══ Supplied material ══

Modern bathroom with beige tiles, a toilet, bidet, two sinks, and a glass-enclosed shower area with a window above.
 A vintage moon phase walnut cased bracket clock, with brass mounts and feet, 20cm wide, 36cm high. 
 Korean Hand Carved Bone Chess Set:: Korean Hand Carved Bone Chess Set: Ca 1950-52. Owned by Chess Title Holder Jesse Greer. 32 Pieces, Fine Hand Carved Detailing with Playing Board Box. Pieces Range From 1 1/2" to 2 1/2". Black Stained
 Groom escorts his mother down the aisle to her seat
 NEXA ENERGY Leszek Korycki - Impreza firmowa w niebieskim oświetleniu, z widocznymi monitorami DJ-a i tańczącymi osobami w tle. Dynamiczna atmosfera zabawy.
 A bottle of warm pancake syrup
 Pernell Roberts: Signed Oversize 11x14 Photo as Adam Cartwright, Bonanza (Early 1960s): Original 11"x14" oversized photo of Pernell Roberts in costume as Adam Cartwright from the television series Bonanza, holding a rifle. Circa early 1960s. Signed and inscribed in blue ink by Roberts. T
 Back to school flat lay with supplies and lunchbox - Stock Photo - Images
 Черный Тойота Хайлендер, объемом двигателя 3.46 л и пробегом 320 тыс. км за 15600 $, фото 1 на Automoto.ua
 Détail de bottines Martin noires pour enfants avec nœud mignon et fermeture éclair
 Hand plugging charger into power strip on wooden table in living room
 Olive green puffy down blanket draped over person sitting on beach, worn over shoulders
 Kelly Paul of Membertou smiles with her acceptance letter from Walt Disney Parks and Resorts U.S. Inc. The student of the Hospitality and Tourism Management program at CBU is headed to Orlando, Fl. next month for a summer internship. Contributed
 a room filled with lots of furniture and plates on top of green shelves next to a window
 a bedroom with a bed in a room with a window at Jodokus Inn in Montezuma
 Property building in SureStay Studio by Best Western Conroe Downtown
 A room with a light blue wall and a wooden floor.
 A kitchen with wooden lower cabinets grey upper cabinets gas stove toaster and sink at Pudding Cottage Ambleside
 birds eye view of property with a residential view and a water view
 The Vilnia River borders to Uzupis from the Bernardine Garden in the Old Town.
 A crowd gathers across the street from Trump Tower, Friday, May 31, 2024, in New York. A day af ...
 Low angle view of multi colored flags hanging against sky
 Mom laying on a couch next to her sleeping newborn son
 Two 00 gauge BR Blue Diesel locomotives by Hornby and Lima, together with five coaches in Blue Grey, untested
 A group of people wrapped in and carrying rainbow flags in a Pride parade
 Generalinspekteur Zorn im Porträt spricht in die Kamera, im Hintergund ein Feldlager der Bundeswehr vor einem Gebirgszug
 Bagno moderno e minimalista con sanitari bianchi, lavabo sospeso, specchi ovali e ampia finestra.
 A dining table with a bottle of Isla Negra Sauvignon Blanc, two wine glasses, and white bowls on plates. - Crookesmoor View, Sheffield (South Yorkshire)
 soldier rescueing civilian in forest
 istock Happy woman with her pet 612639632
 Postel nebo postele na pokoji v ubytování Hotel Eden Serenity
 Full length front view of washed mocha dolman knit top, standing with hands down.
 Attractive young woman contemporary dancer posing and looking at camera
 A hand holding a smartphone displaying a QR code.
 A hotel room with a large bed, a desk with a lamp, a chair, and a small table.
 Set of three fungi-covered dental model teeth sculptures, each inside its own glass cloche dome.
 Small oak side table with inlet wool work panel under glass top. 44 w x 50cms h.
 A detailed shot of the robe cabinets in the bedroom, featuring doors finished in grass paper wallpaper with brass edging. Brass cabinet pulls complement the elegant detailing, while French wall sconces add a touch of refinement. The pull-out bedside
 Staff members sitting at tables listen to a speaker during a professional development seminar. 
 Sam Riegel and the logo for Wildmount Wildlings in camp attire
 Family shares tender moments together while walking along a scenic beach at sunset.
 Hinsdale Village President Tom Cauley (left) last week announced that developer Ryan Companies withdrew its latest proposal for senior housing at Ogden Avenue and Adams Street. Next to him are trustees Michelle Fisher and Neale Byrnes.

═══

**Work instructions:** In the listing above, find the line containing "soldier rescueing civilian in forest" and the line containing "Attractive young woman", then retype both and every line between them exactly, with nothing else.

**Answer area:**
 soldier rescueing civilian in forest
 istock Happy woman with her pet 612639632
 Postel nebo postele na pokoji v ubytování Hotel Eden Serenity
 Full length front view of washed mocha dolman knit top, standing with hands down.
 Attractive young woman contemporary dancer posing and looking at camera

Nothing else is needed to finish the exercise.